*TASK PROMPT*
Give the data below again exactly as written, without its pictures.

*Caption-style text data*

################

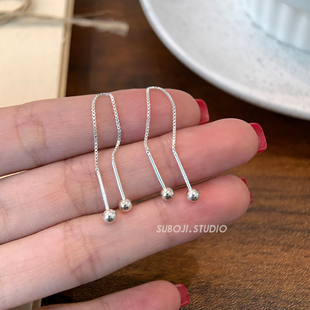 素泊集s999纯银豆豆耳线女小众耳钉高级螺丝耳环养耳洞睡觉不用摘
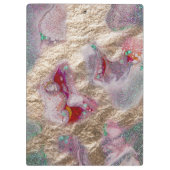 Vloeibare marmer Mix Modern Trendy Monogrammen Klembord (Achterkant)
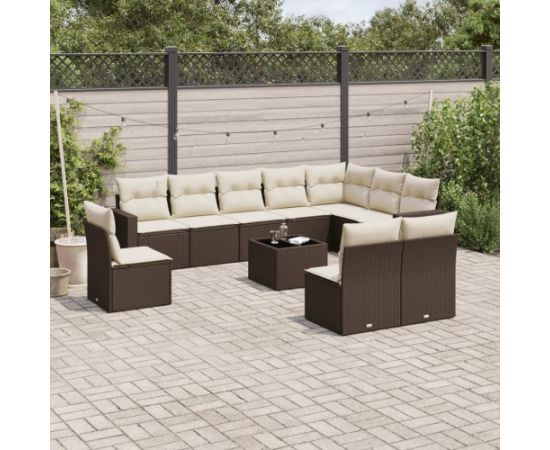 vidaXL 11-cz. zestaw mebli ogrodowych z poduszkami, brązowy, rattan PE Dārza mēbeļu komplekti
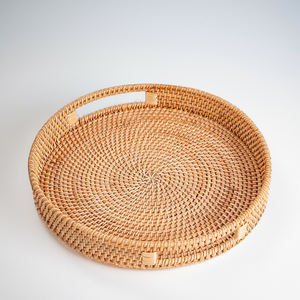 ถาดไม้ไผ่ทรงกลมเป็นมิตรต่อสิ่งแวดล้อมถาดเก็บของแฮนด์เมดถาดเสิร์ฟพร้อมลวดลายหวายคลาสสิกสำหรับใช้ในร้านกาแฟ-SR2085 - Product Image 2
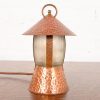 Roycroft Style Antique Arts & Crafts Hammered Copper Desk Lamp, 1930s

################

*RESULT*
 素泊集s999纯银豆豆耳线女小众耳钉高级螺丝耳环养耳洞睡觉不用摘
 Vloeibare marmer Mix Modern Trendy Monogrammen Klembord (Achterkant)
 vidaXL 11-cz. zestaw mebli ogrodowych z poduszkami, brązowy, rattan PE Dārza mēbeļu komplekti
 ถาดไม้ไผ่ทรงกลมเป็นมิตรต่อสิ่งแวดล้อมถาดเก็บของแฮนด์เมดถาดเสิร์ฟพร้อมลวดลายหวายคลาสสิกสำหรับใช้ในร้านกาแฟ-SR2085 - Product Image 2
 Roycroft Style Antique Arts & Crafts Hammered Copper Desk Lamp, 1930s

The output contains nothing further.